History

Netherlands
- Name: EG 4 Drie gezusters
- Out of service: 28 March 1895
- Fate: wrecked during storm

General characteristics
- Type: Bomschuit [nl] (pink)
- Crew: 6

= EG 4 Drie Gezusters =

Dutch pink

EG 4 Drie gezusters, (in full in Dutch: Egmonder visserspink nr. 4 Drie gezusters), nicknamed Het Witneusje van meester Tijsma, was a Dutch fishing Bomschuit (pink) in the 19th-century. It is known for the rescue operation during a storm on 28 March 1895 whereby all persons on board were rescued by Blazer TX 119 Bertha.

==Fate and rescue==
On the day of the storm of 28 March 1895 the ship was laid in Den Helder. During her third trip while fishing at Camperduin, the weather deteriorated, and skipper Hendrik Groen decided to go to Egmond. Because the weather became worse with wind force 8, it was not possible to sail to Egmond and it was decided to go to Den Helder instead. When they arrived at Den Helder it was already wind force 11. Due to poor sailing capacities of the crew, the port was missed. They dropped the anchor, but the rope broke. (Rescue workers later stated they didn’t dropped the anchor.) The ship drifted up the Texelstroom navigation channel. The boat was sighted at Texel by Jacob Kuiper. Together with nine others he went out with a boat of his brother, the Blazer TX 119 Bertha. The ship was one of the around 200 fishing boats in the harbour.

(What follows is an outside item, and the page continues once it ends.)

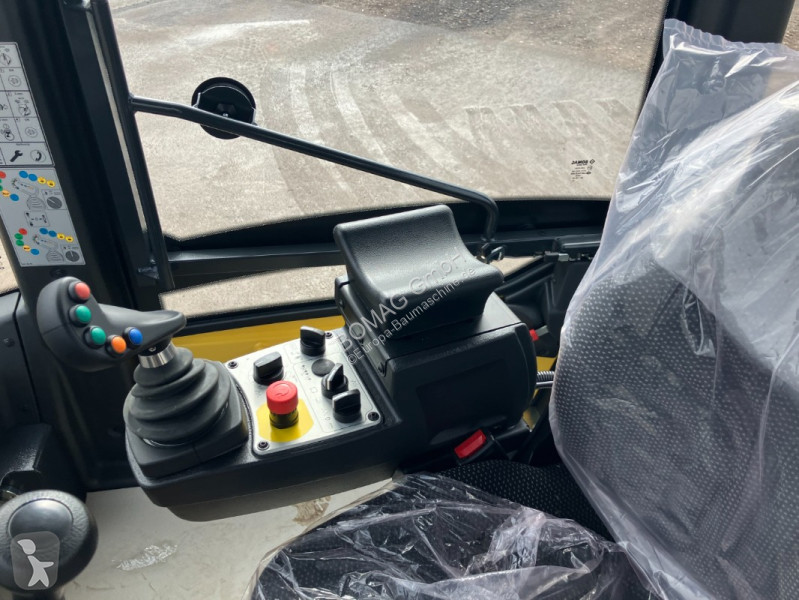 Compacteur Bomag  BW 161 AC-5 TIER4 / STAGE V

The TX 119 was able to reach the EG 4 without much problem, and all people were taken onboard. There was a defect while hoisting the sails for the return voyage. Kuiper climbed into the mast and solved the issue and so saved the lives of everybody. Over four hours later they arrived at Oudeschild. Upon arrival at 3 a.m., despite the bad weather, there were still people waiting on the beach and the ship was festively welcomed. The fishing gear was lost during the rescue.
According to some reports the ship sank. According to another report the ship drifted to the Frisian mudflats and was sold there.

==Aftermath==
The rescue workers were described as heroes. There names were published in the newspapers. Jacob Kuiper, Cornelis Zegel, Dirk Krijnen and Cornelis Krijnen, Jacob Koorn, Cornelis Duinker, Jan Duinker, Cornelis Koopman, Cornelis Blom and Gerrit Brouwer. On 22 September 1855 Jacob Kuiper was royally decorated with a silver medal and commendation. The other rescue workers received a bronze medal and commendation.

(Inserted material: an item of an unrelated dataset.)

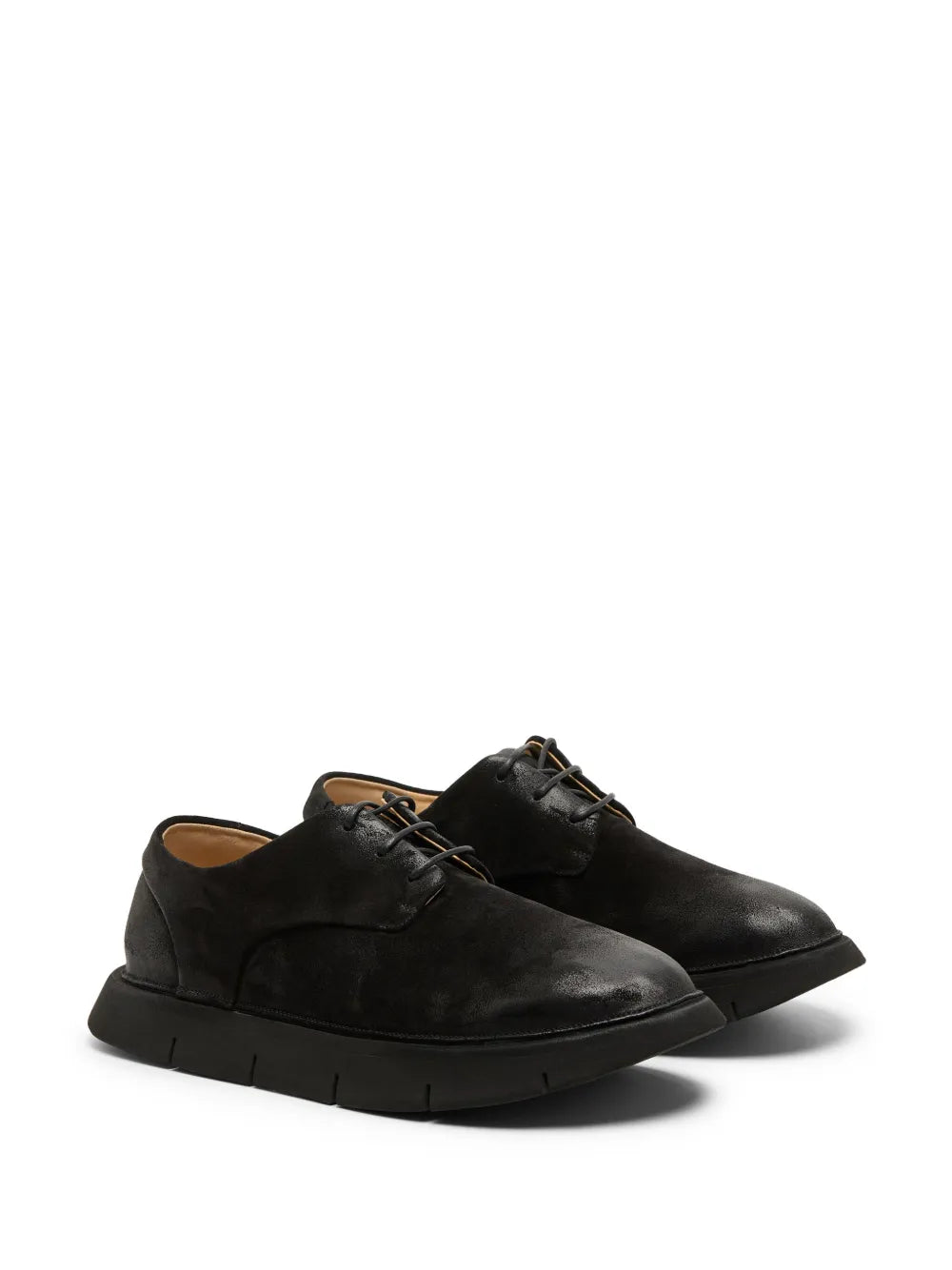 Marsèll Intagliata Derby shoes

The owner of the boat was not very well off financially, and gear was lost during the rescue operation. A person who had red about the rescue sent a letter to the mayor of Texel with an amount of 25 Guilder for the rescue workers. Soon after the disaster, people had donated 79.50 Guilder for the rescue workers. The mayor of Texel Jan Carel Wendel Strick van Linschoten had written an extensive report to the King's Commissioner. However, the commissioner didn’t gave a monetary reward. The KNZHRM was asked if they could reimburse the lost gear. A month after the incident, the population had donated a total amount of 140.50 Guilder.

Lock keeper Thomas Zwamenburg made a painting of the rescue effort. The painting was presented by the Skippers and fishermen's association to the mayor during a special festive evening. A lithograph of the painting is at the Museum Kaap Skil along with a ship model of the blazer.